🤖 AI Summary
Existing LLM service simulators suffer from two key limitations: insufficient hardware abstraction and narrow coverage of serving techniques. To address these, we propose LLM-Sim, a unified simulation platform built upon a three-layer modular architecture—comprising a hardware abstraction layer, a service policy layer, and a trace-driven modeling layer—that enables co-modeling of heterogeneous accelerators (e.g., GPUs, TPUs) and diverse serving techniques (e.g., request routing, caching, scheduling). LLM-Sim introduces operator-level latency analysis and a plug-and-play accelerator interface, facilitating one-click integration of novel hardware.

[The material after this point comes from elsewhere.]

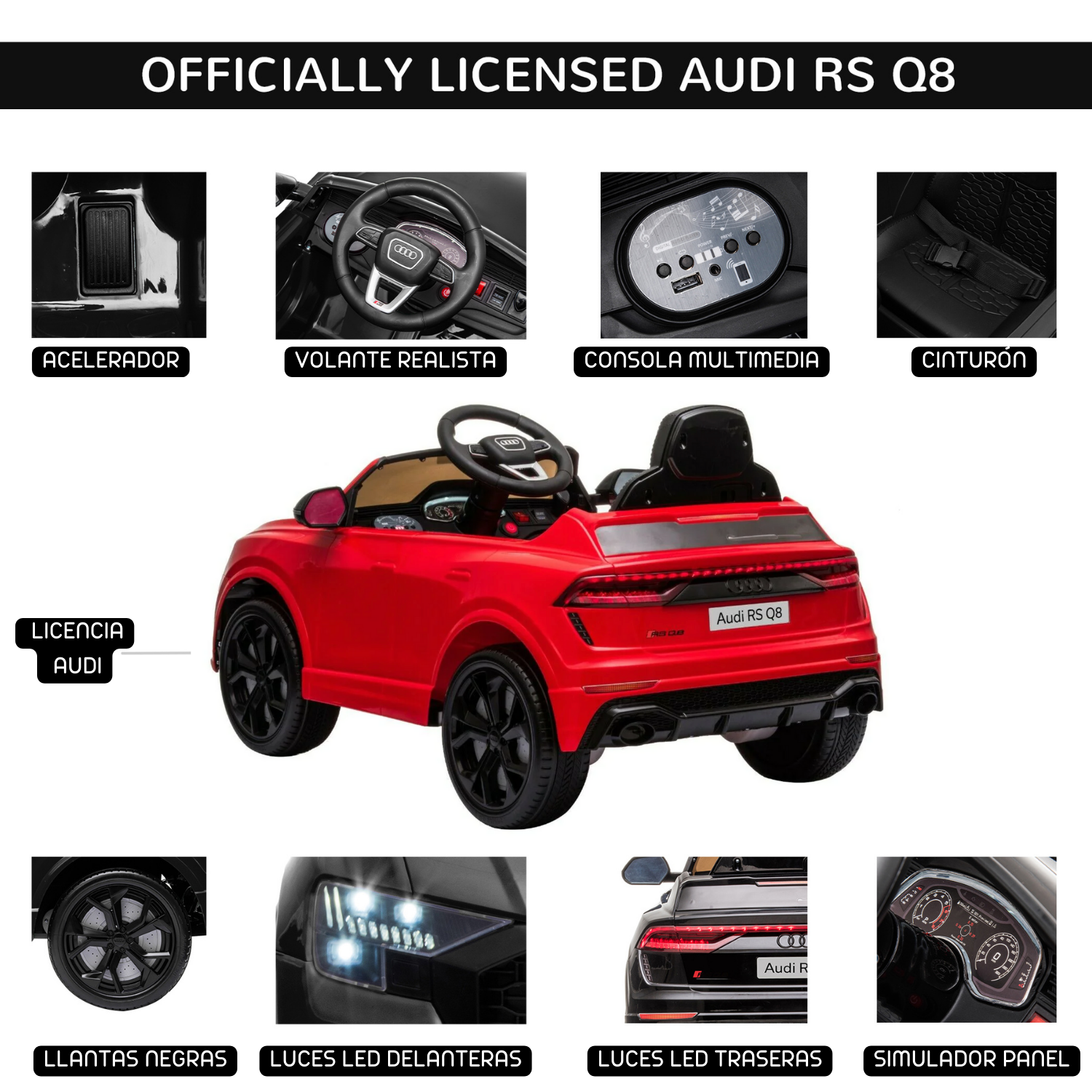 Audi RS Q8 Rojo 12V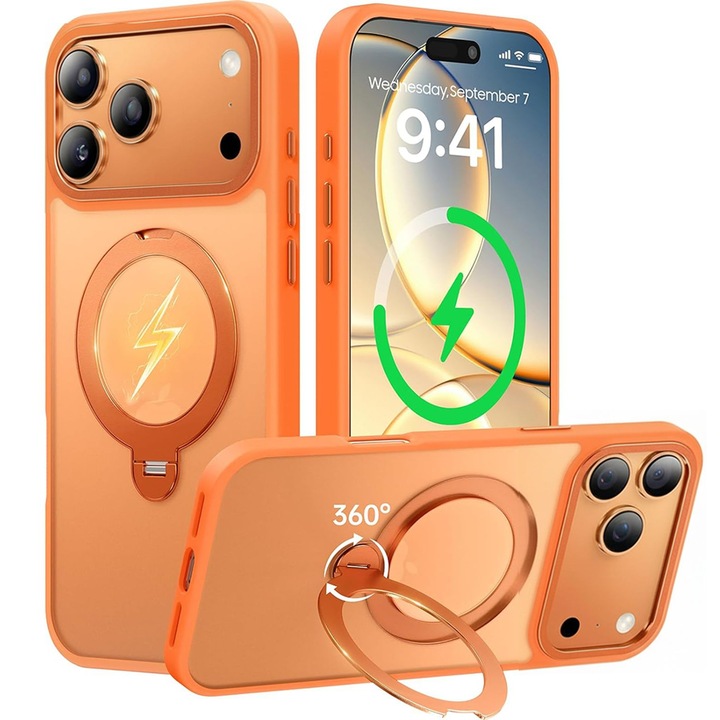 Husa pentru iPhone 17 Pro Max, Magnetic MagSafe, Suport Rotativ Magnetic 360, Portocaliu/Transparent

Evaluation demonstrates that LLM-Sim reduces TPU case implementation code by 18.5× and achieves only 1.9% end-to-end latency error on GPU-based serving. It significantly outperforms prior simulators in both simulation efficiency and fidelity, establishing a high-fidelity, scalable evaluation infrastructure for LLM system design.
📝 Abstract
This paper introduces LLMServingSim2.0, a system simulator designed for exploring heterogeneous hardware in large-scale LLM serving systems. LLMServingSim2.0 addresses two key limitations of its predecessor: (1) integrating hardware models into system-level simulators is non-trivial due to the lack of a clear abstraction, and (2) existing simulators support only a narrow subset of serving techniques, leaving no infrastructure that captures the breadth of approaches in modern LLM serving. To overcome these issues, LLMServingSim2.0 adopts trace-driven performance modeling, accompanied by an operator-level latency profiler, enabling the integration of new accelerators with a single command. It further embeds up-to-date serving techniques while exposing flexible interfaces for request routing, cache management, and scheduling policies. In a TPU case study, our profiler requires 18.5x fewer LoC and outperforms the predecessor's hardware-simulator integration, demonstrating LLMServingSim2.0's low-effort hardware extensibility. Our experiments further show that LLMServingSim2.0 reproduces GPU-based LLM serving with 1.9% error, while maintaining practical simulation time, making it a comprehensive platform for both hardware developers and LLM service providers.